Altri album si susseguono nella carriera dei Green Day: Insomniac (1995), Nimrod (1997), Warning (2000), più una raccolta di singoli nel 2001, International Superhits! ed una raccolta di B-Sides nel 2002, Shenanigans, che, pur essendo lavori validi, compositi ed interessanti, non riescono a raggiungere la stessa popolarità di Dookie e portano inevitabilmente al declino della band. Fino a quando, nel 2004, non compare American Idiot, ambizioso concept-album dai toni decisamente più politici ed impegnati, che li porta prepotentemente alla ribalta.

Ma che fine hanno fatto, oggi, i Green Day? Il trio californiano, composto non più da ventenni ma da quarantenni miliardari che conservano volti giovanili e look rockettaro, continua a fare musica e a sfornare dischi (di cui l’ultimo, Revolution Radio, datato 2016).
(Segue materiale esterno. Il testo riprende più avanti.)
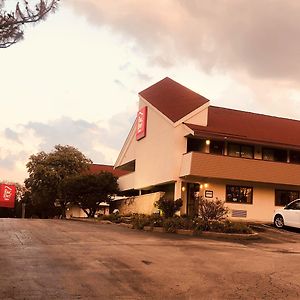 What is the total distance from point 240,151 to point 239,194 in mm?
Result: 2856

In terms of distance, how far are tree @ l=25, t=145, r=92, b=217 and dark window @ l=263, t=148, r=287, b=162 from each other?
2432 cm

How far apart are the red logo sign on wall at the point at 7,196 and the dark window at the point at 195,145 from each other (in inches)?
1848

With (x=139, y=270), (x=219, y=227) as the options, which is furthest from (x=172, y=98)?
(x=139, y=270)

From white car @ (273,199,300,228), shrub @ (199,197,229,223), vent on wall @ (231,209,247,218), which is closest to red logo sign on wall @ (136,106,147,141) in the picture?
vent on wall @ (231,209,247,218)

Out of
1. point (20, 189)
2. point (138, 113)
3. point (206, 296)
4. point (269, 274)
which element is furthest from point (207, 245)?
point (20, 189)

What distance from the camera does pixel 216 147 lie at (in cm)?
3180

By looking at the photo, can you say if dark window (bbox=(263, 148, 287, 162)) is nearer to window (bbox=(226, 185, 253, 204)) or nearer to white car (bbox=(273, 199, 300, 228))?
window (bbox=(226, 185, 253, 204))

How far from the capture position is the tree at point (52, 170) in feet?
170

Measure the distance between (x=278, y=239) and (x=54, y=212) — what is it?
156 feet

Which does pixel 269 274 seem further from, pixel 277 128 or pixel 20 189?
pixel 20 189

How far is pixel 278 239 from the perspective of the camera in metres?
20.4

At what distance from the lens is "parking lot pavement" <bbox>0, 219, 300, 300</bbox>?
26.6 ft

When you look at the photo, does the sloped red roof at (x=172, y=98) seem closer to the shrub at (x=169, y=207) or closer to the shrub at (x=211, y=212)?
the shrub at (x=169, y=207)

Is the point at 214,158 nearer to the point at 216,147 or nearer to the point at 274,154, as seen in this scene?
the point at 216,147
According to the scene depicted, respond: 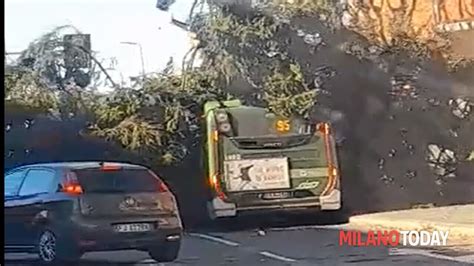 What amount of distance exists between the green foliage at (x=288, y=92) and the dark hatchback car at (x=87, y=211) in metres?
0.60

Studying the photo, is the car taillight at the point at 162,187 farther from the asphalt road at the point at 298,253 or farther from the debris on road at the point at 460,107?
the debris on road at the point at 460,107

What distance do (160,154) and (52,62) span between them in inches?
24.2

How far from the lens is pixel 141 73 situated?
10.6 meters

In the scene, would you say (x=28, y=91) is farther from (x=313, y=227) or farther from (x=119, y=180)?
(x=313, y=227)

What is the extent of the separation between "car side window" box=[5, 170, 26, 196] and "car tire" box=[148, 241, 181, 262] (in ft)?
2.07

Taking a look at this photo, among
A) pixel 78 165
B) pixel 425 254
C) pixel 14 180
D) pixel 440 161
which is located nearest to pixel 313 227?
pixel 425 254

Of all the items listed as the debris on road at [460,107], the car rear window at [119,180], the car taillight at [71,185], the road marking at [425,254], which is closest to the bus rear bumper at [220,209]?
the car rear window at [119,180]

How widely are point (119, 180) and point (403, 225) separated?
1.24 meters

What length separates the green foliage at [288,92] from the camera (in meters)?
10.6

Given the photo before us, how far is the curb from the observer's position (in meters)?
10.6

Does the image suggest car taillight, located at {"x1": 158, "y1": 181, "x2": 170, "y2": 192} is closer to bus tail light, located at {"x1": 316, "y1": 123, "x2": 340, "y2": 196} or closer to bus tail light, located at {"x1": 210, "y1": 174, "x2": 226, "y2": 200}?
bus tail light, located at {"x1": 210, "y1": 174, "x2": 226, "y2": 200}

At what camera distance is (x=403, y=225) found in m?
10.7

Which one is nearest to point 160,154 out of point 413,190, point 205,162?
point 205,162

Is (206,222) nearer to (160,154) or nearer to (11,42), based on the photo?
(160,154) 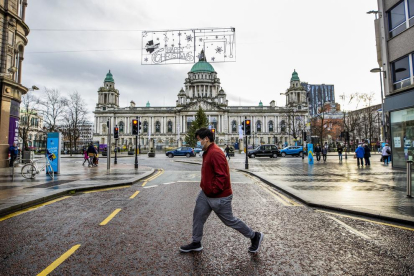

I Green Day di oggi sono un fenomeno commerciale, lontani in tutto e per tutto da quelli che erano i loro esordi, ma nel corso degli anni sono anche cresciuti, maturati, musicalmente ed umanamente, e sembrano avere ancora molto da dire. Cosa più importante, non hanno perso la voglia di divertirsi e far divertire, di far riflettere e di portare avanti quello in cui hanno sempre creduto, sin dagli albori: la libertà e la voglia di essere sé stessi.